Safe product to make a mane smell and taste bad, discourage grooming game? May have found the answer!

One horse has a mane thinning problem from asking her buddies to play the grooming game much too often. Her pasture mates are all a hand or more shorter than she is. I think the angle they are at and the frequency in which she asks to be scratched is the problem. Now about the first quarter of her mane is very thinned out. She is not rubbing her neck or body on trees and she is the only horse in her pasture with this problem. She’s been wormed for neck thread worms for good measure, but I don’t think that’s the problem. Is there any product that could be sprayed on her to discourage the grooming game? I can’t imagine what such a product would be that would be safe for her and not cause a reaction. Hopefully someone has a idea or two.

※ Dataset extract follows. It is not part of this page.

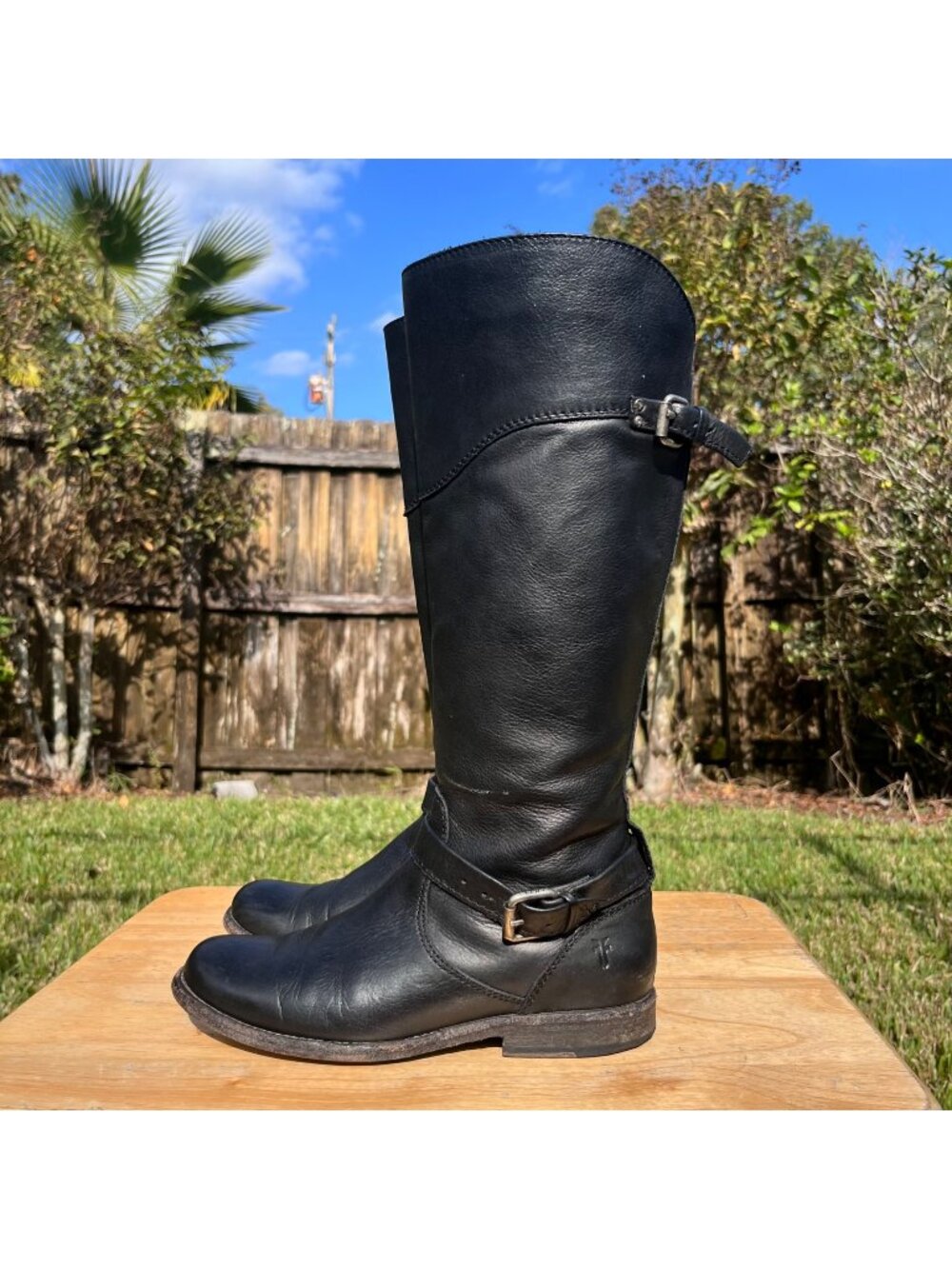 Frye 3476844 Phillip Black Leather Knee High Buckle Riding Boots Size 6.5 B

She is on an allergy med and supplements. The rest of her coat looks great.

With a sensitive skinned gelding I worked with, we used an easy combo to discourage the naughty mini who liked to eat his mane. Use petroleum jelly and cayenne pepper mixed together- petroleum jelly is the “glue” that holds the nasty, burning cayenne on. Definitely wear gloves when applying it! That’s what I’ve used that works so it might work for you!

1 Like

Kensington Protective Fly Sheet with a neck cover

1 Like

Thank you. This is down to very thinned out mane, where I can see skin. I wouldn’t be able to apply cayenne where it would be on her skin and would burn her. I picture it melting in the sun and running down her neck and withers. I’ll keep that idea for other applications, though! Thanks! :slight_smile:

Thanks. That’s the stiff type, right? She has an assortment of fly sheets with necks, but I’m trying to avoid using them for as long as possible, since she’s so uphill and they also rub off her mane when she’s out in pasture most or all of the day. A fly sheet wouldn’t keep other horses away. I think if they groomed her while wearing it, it would have a brillo pad-like effect on her already almost bare neck. You know how when hair is already damaged and you put something over it, it just breaks off or gets damaged more?

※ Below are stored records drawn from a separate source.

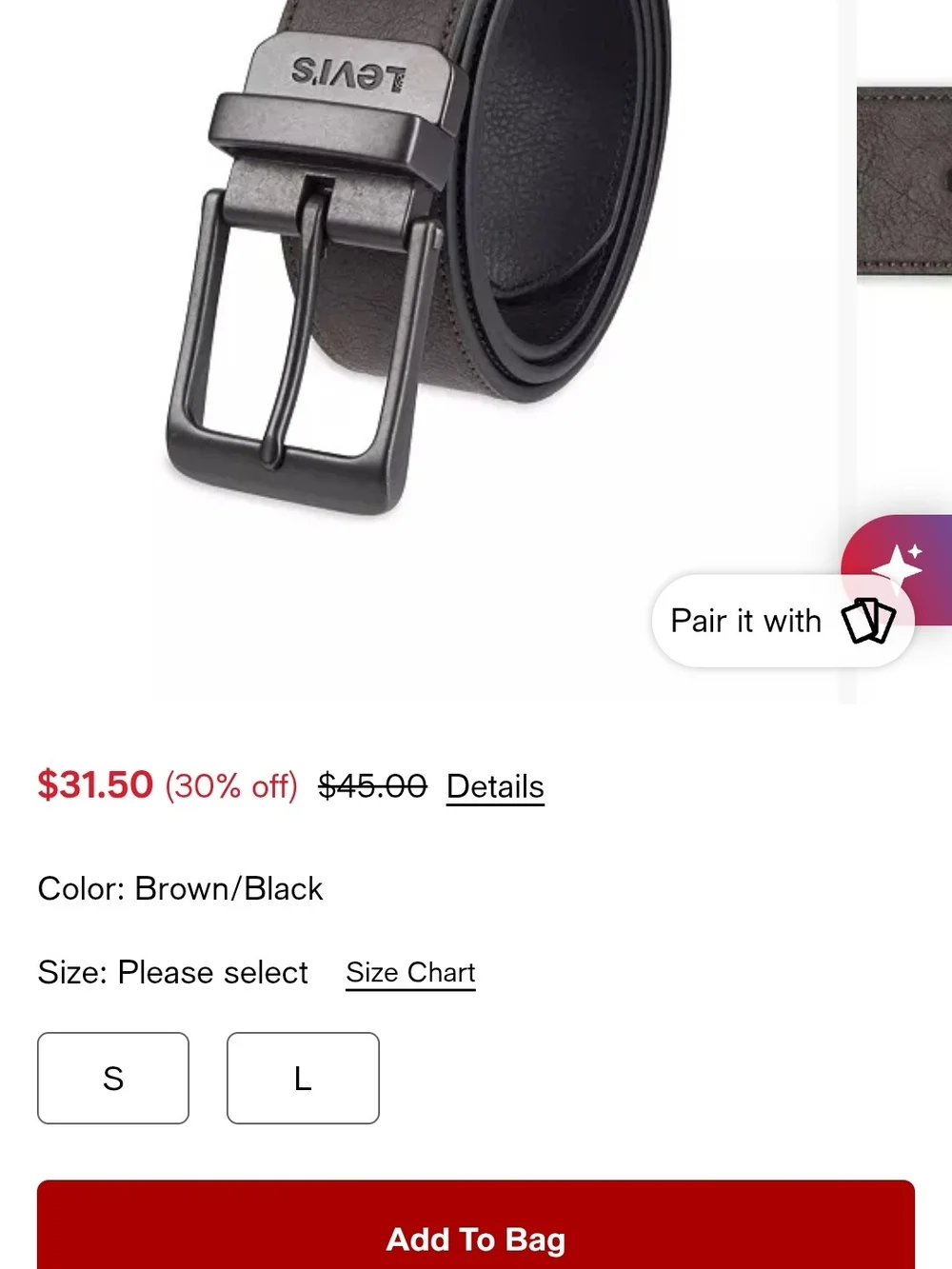 Levi's Dark Brown Leather Belt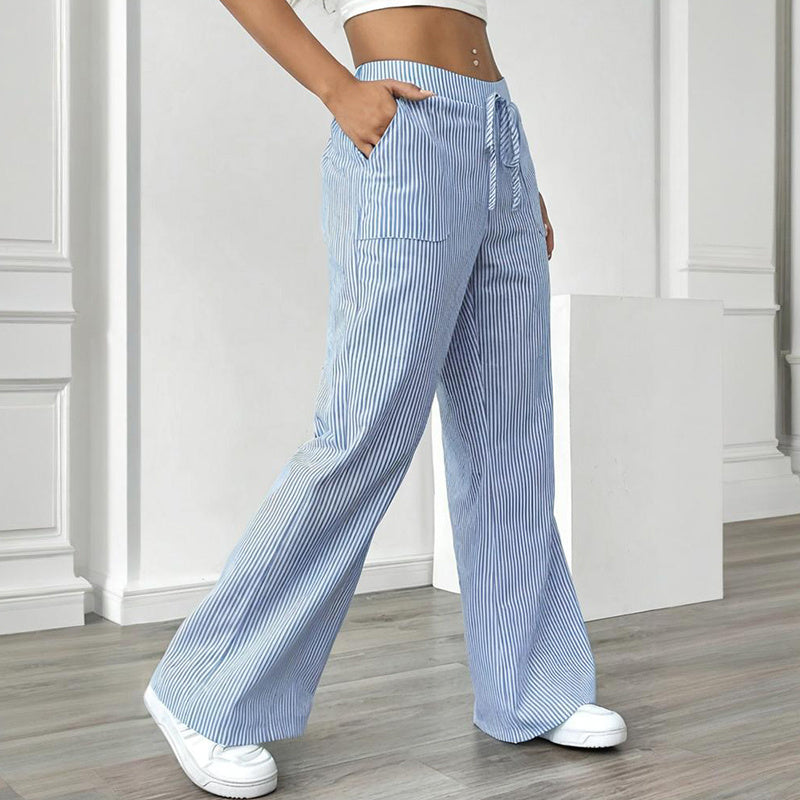 Women's Striped Print Straight Wide Leg Pants Drawstring Waist Slant Pockets Pants Casual Long Pants CJ US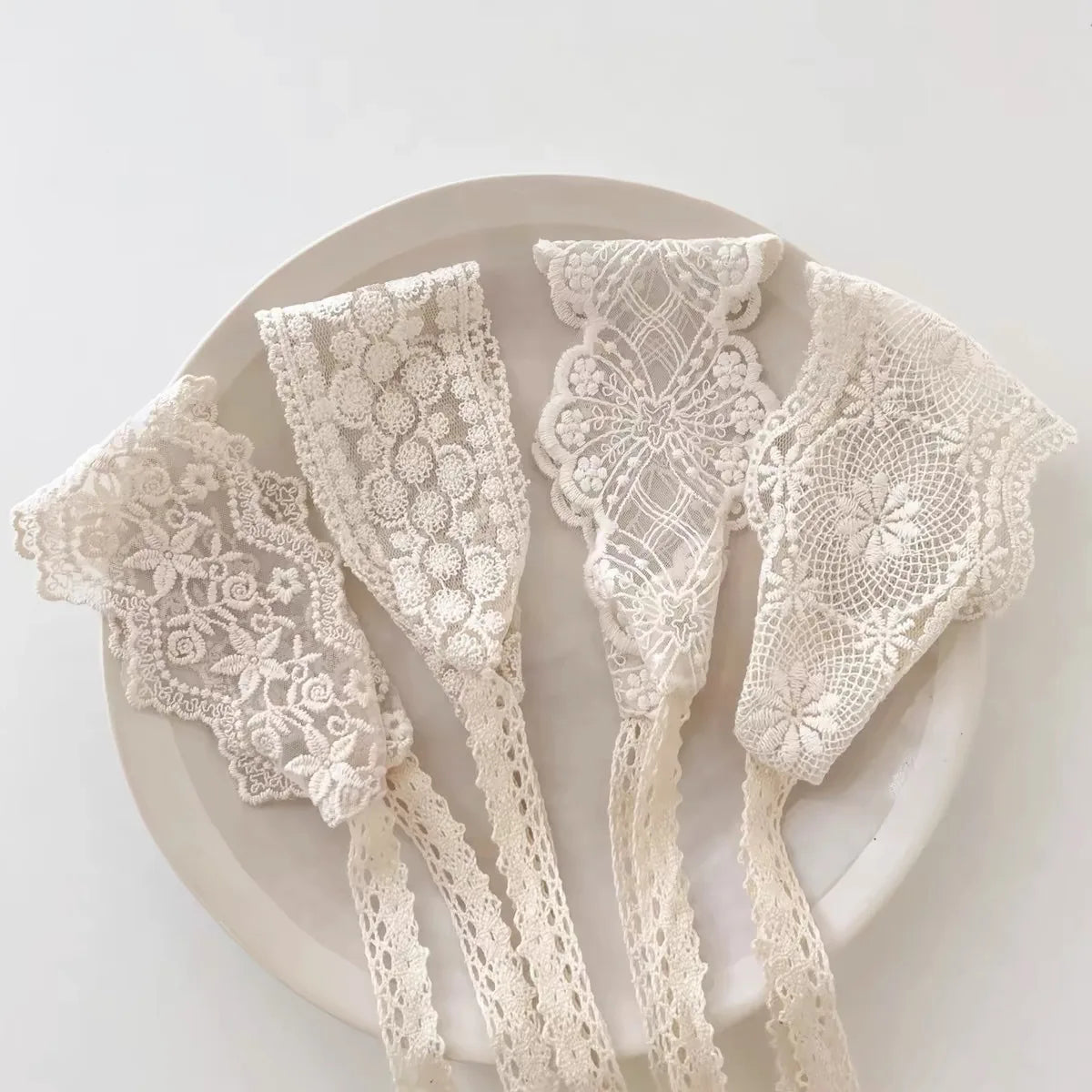 Popxstar Baby Girl Lace Headband Newborn Princess Elastic Hair Bands Retro White Flower Bow Kids Turban Hair Accessories for Girls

Too bad I can’t stick some sort of spiky bird strip on her neck, to keep the other horses away. :wink:

Yes. That’s the stiff one. I think you can buy the hoods separately if you have something it will attach to. I’ve found that horses don’t groom each other with them on. It must feel weird on their teeth or something. I have no idea if it would do more damage to an already weakened mane though :frowning:

1 Like

I just googled what smells don’t horses like, and I came up with a few recommendations. One person said to try a product called Well Horse. It’s a wound resin.

https://www.well-horse.com/collectio…rse-resin-2-oz

THE POSSIBLE ANSWER:

Wormer! No horse would care to chew on another if it smelled and tasted like wormer! Ivermictin is cheap. I’ll experiment with some and see what happens.

Last year when she wore a fly sheet daily, there was some mane damage. I was brain storming ways to keep the fly sheet lifted from her mane. I came up with an idea that I didn’t end up trying, using foam pipe insulation, the softer and more flexible of the two Home Depot types. Probably put it into a tube of slippery lycra fabric. I envisioned attaching foam inside the neck of the fly sheet a few inches from the crest of her neck on either side, to keep the mesh from touching her mane. Another idea was some sort of foam blocks, mounted in similar fashion, with the same idea in mind. The foam would have to have a slippery surface to prevent chaffing. I have no idea if this would work, but it might.

Good idea! I bet pool noodles would work too.